Copy each entry below exactly as it appears.
[[ Supplied records open ]]
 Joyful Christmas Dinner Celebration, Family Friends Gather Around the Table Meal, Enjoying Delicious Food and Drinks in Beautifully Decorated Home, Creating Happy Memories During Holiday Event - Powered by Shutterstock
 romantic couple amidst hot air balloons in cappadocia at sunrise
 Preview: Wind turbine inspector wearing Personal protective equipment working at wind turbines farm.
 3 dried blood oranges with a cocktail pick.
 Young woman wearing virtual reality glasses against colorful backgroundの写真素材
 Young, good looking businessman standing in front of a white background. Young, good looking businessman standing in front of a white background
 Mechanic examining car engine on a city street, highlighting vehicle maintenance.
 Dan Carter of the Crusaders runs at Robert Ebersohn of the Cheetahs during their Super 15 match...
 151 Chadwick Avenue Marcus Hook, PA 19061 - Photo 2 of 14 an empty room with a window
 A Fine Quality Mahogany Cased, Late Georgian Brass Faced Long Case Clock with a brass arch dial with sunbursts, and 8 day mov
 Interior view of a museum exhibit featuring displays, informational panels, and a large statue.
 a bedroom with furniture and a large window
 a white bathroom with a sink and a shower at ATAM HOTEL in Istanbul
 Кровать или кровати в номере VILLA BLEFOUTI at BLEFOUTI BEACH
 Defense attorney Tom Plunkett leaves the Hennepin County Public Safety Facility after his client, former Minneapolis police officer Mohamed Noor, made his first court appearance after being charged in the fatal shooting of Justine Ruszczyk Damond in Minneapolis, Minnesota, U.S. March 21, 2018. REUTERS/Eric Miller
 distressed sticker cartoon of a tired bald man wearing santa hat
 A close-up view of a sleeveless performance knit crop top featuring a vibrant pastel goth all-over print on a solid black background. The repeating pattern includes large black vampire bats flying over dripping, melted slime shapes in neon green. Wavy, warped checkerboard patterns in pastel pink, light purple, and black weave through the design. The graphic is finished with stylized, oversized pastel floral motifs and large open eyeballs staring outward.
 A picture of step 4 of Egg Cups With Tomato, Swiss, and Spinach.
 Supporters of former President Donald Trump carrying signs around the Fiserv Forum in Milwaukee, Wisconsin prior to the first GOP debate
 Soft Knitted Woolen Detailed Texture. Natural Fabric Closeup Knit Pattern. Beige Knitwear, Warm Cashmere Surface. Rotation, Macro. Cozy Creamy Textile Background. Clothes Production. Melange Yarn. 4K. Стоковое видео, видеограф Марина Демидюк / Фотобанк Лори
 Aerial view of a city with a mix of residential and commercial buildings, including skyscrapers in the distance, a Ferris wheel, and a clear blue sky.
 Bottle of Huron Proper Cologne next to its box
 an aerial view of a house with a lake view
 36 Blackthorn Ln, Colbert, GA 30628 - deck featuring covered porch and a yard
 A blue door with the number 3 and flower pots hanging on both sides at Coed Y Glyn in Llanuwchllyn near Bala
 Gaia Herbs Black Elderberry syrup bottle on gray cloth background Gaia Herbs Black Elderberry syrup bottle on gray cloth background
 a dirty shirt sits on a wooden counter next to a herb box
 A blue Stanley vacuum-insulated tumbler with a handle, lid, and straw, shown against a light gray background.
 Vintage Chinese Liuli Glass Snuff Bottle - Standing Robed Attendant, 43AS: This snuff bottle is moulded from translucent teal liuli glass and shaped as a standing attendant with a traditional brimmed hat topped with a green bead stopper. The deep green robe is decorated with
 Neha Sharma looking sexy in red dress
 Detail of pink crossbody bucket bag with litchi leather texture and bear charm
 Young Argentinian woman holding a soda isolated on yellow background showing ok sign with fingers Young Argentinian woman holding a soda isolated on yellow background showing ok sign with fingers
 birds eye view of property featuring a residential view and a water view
[[ Supplied records closed ]]
> _Exercise solution_:
 Joyful Christmas Dinner Celebration, Family Friends Gather Around the Table Meal, Enjoying Delicious Food and Drinks in Beautifully Decorated Home, Creating Happy Memories During Holiday Event - Powered by Shutterstock
 romantic couple amidst hot air balloons in cappadocia at sunrise
 Preview: Wind turbine inspector wearing Personal protective equipment working at wind turbines farm.
 3 dried blood oranges with a cocktail pick.
 Young woman wearing virtual reality glasses against colorful backgroundの写真素材
 Young, good looking businessman standing in front of a white background. Young, good looking businessman standing in front of a white background
 Mechanic examining car engine on a city street, highlighting vehicle maintenance.
 Dan Carter of the Crusaders runs at Robert Ebersohn of the Cheetahs during their Super 15 match...
 151 Chadwick Avenue Marcus Hook, PA 19061 - Photo 2 of 14 an empty room with a window
 A Fine Quality Mahogany Cased, Late Georgian Brass Faced Long Case Clock with a brass arch dial with sunbursts, and 8 day mov
 Interior view of a museum exhibit featuring displays, informational panels, and a large statue.
 a bedroom with furniture and a large window
 a white bathroom with a sink and a shower at ATAM HOTEL in Istanbul
 Кровать или кровати в номере VILLA BLEFOUTI at BLEFOUTI BEACH
 Defense attorney Tom Plunkett leaves the Hennepin County Public Safety Facility after his client, former Minneapolis police officer Mohamed Noor, made his first court appearance after being charged in the fatal shooting of Justine Ruszczyk Damond in Minneapolis, Minnesota, U.S. March 21, 2018. REUTERS/Eric Miller
 distressed sticker cartoon of a tired bald man wearing santa hat
 A close-up view of a sleeveless performance knit crop top featuring a vibrant pastel goth all-over print on a solid black background. The repeating pattern includes large black vampire bats flying over dripping, melted slime shapes in neon green. Wavy, warped checkerboard patterns in pastel pink, light purple, and black weave through the design. The graphic is finished with stylized, oversized pastel floral motifs and large open eyeballs staring outward.
 A picture of step 4 of Egg Cups With Tomato, Swiss, and Spinach.
 Supporters of former President Donald Trump carrying signs around the Fiserv Forum in Milwaukee, Wisconsin prior to the first GOP debate
 Soft Knitted Woolen Detailed Texture. Natural Fabric Closeup Knit Pattern. Beige Knitwear, Warm Cashmere Surface. Rotation, Macro. Cozy Creamy Textile Background. Clothes Production. Melange Yarn. 4K. Стоковое видео, видеограф Марина Демидюк / Фотобанк Лори
 Aerial view of a city with a mix of residential and commercial buildings, including skyscrapers in the distance, a Ferris wheel, and a clear blue sky.
 Bottle of Huron Proper Cologne next to its box
 an aerial view of a house with a lake view
 36 Blackthorn Ln, Colbert, GA 30628 - deck featuring covered porch and a yard
 A blue door with the number 3 and flower pots hanging on both sides at Coed Y Glyn in Llanuwchllyn near Bala
 Gaia Herbs Black Elderberry syrup bottle on gray cloth background Gaia Herbs Black Elderberry syrup bottle on gray cloth background
 a dirty shirt sits on a wooden counter next to a herb box
 A blue Stanley vacuum-insulated tumbler with a handle, lid, and straw, shown against a light gray background.
 Vintage Chinese Liuli Glass Snuff Bottle - Standing Robed Attendant, 43AS: This snuff bottle is moulded from translucent teal liuli glass and shaped as a standing attendant with a traditional brimmed hat topped with a green bead stopper. The deep green robe is decorated with
 Neha Sharma looking sexy in red dress
 Detail of pink crossbody bucket bag with litchi leather texture and bear charm
 Young Argentinian woman holding a soda isolated on yellow background showing ok sign with fingers Young Argentinian woman holding a soda isolated on yellow background showing ok sign with fingers
 birds eye view of property featuring a residential view and a water view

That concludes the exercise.